DATA RECORDS —
____________________

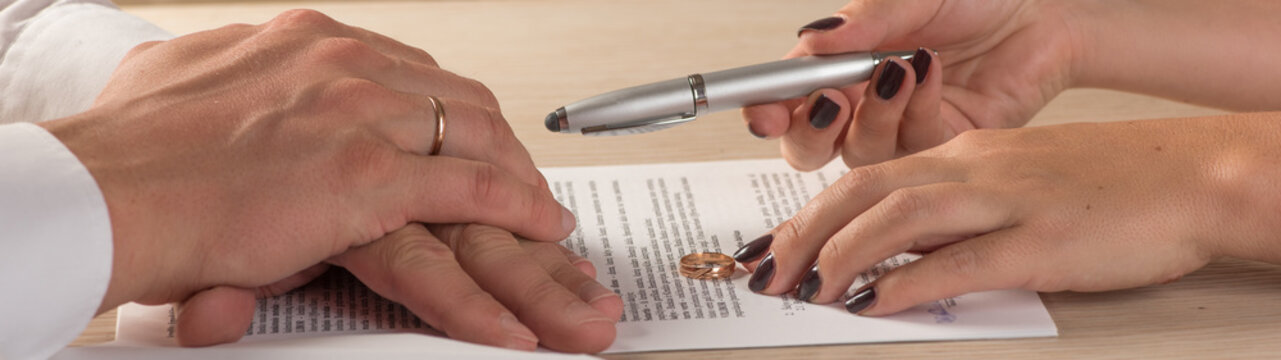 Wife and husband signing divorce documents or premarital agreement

____________________

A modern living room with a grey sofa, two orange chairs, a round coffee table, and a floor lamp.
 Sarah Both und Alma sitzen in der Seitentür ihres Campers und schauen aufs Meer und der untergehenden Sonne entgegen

____________________

ABOUT THIS EXERCISE —
All lines above from the one holding "A modern living" to the one holding "Sarah Both und", inclusive, are to be copied exactly; no other line is wanted.

TASK ANSWER —
A modern living room with a grey sofa, two orange chairs, a round coffee table, and a floor lamp.
 Sarah Both und Alma sitzen in der Seitentür ihres Campers und schauen aufs Meer und der untergehenden Sonne entgegen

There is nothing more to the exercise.